Single Review: Sunny Sweeney, “From A Table Away”

Due to lack of mainstream attention, not enough people know about Sunny Sweeney’s debut album, Heartbreaker’s Hall of Fame, which was nothing short of a pure honky tonk delight. Her crisp nasal voice sounds as if it’s only meant to sing country music, which is probably, somehow, underselling her range of talent, but good for the prospect of permanence in the genre nonetheless.

For better or for worse, the first single from her sophomore album, this time produced by Brett Beavers (Dierks Bentley), has a slicker sound than that of her first album. As one can expect from a big name producer, the record is tighter both in instrumentation and vocal performance. Of course, these factors are hardly criticisms, but merely something to become accustomed to as someone who thoroughly enjoyed the looser nature of her more relaxed independent project.

“From A Table Away” is a perfect and interesting concept for a country song. It is from the perspective of “the other woman” who is forced to acknowledge that her lover is still in love with his wife. Gone is the naive fantasy that he will leave his wife as he had been leading her to believe he would. Instead, the scene that she witnesses, from a table away, portrays a loving relationship that she is unable to deny.

As an obvious attempt to aim for mainstream approval, this song is well positioned to reach that goal. It is traditional in sound while still being progressive enough to not completely stick out like a sore thumb on mainstream radio’s playlist. Moreover, Sweeney’s raw performance turns a decent song into something quite good.

Even with some of the compromises, it would be nice to hear a talent like the traditional leaning Sweeney on the radio. What’s more, with a song like this, we likely will.

Written by Bob DiPiero, Karyn Rochelle & Sunny Sweeney

Grade: B+

Listen: From a Table Away


  1. I tried to read the review but the m&m pretzel ad wouldn’t go away. what’s the trick? there’s no “x” to click on to remove it.
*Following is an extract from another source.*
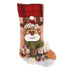 Christmas Stocking Three Dimensional Printed Christmas Stocking Gift Bag Ornament for Christmas Tree Fireplace HangingDeer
  2. I hear Fleetwood Mac in so much contemporary country today, “Little Lies” in this case (at a different tempo, of course). Sunny Sweeney marries that with a Texas country twang that sort of recalls Natalie Maines, but sounds more wounded and less cosmopolitan. It’s not the most interesting of what Sweeney can do, but this is still a very good track.

  3. It would be nice to hear some more traditional-leaning music on country radio. I hope Sweeney can get some airplay. Considering Easton Corbin’s recent success, I suppose it’s possible that country radio may begin leaning toward music that actually sound country.

    Great review, Leeann – a very accurate a well-written description of this song.

  4. I really, really love this song!! But you know what song will get all the airplay. The teeny bopping, bad vocalist will shoot up the charts and this great one will fade away!!

  5. Great review. Now that Miranda has broken at radio, Sunny is tied with Laura Bell Bundy as my favorite mainstream underdog.

  6. …that sort of recalls Natalie Maines, but sounds more wounded and less cosmopolitan.

    I think she sounds a lot like Maines here. This song doesn’t do much for me, personally, but it’s a good song, and it’ll be refreshing to hear on country radio.

  7. I couldn’t believe how much she sounds like Natalie Maines the first time I heard this song. I think that drew me to the song more.

    I’ll have to check out her debut album, too. “A Pure Honky-Tonk delight…” seems like something I would enjoy.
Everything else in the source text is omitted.